--- What is needed ---
Whenever a line below mentions the word "some", that line should be copied.

Web page caption snippets:
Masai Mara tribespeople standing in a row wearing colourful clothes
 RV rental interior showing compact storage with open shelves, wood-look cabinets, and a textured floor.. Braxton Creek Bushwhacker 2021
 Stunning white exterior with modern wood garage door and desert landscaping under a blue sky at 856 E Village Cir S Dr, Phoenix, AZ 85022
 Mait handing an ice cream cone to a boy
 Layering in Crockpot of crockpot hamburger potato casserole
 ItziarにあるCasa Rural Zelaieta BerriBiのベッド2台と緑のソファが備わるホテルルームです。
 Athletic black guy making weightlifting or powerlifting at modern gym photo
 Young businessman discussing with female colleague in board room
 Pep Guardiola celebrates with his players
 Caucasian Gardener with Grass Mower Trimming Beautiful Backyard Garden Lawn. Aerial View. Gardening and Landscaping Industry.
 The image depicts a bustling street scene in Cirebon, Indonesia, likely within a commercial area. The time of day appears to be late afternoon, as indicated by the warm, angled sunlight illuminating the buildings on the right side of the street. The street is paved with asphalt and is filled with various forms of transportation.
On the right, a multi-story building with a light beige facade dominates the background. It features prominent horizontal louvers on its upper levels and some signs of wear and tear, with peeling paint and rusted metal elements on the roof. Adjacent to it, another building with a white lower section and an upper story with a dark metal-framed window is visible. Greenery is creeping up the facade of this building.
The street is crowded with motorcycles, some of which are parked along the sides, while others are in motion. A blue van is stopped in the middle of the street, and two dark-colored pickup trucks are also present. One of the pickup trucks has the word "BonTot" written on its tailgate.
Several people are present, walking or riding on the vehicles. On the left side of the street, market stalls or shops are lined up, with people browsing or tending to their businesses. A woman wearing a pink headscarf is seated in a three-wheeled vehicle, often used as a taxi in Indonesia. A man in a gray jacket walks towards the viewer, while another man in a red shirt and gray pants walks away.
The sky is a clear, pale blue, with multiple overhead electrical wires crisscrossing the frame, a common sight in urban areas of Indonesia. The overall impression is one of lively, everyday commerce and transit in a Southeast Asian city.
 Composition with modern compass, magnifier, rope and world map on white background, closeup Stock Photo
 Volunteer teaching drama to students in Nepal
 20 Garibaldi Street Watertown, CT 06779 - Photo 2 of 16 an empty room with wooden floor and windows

--- Task output ---
On the right, a multi-story building with a light beige facade dominates the background. It features prominent horizontal louvers on its upper levels and some signs of wear and tear, with peeling paint and rusted metal elements on the roof. Adjacent to it, another building with a white lower section and an upper story with a dark metal-framed window is visible. Greenery is creeping up the facade of this building.
The street is crowded with motorcycles, some of which are parked along the sides, while others are in motion. A blue van is stopped in the middle of the street, and two dark-colored pickup trucks are also present. One of the pickup trucks has the word "BonTot" written on its tailgate.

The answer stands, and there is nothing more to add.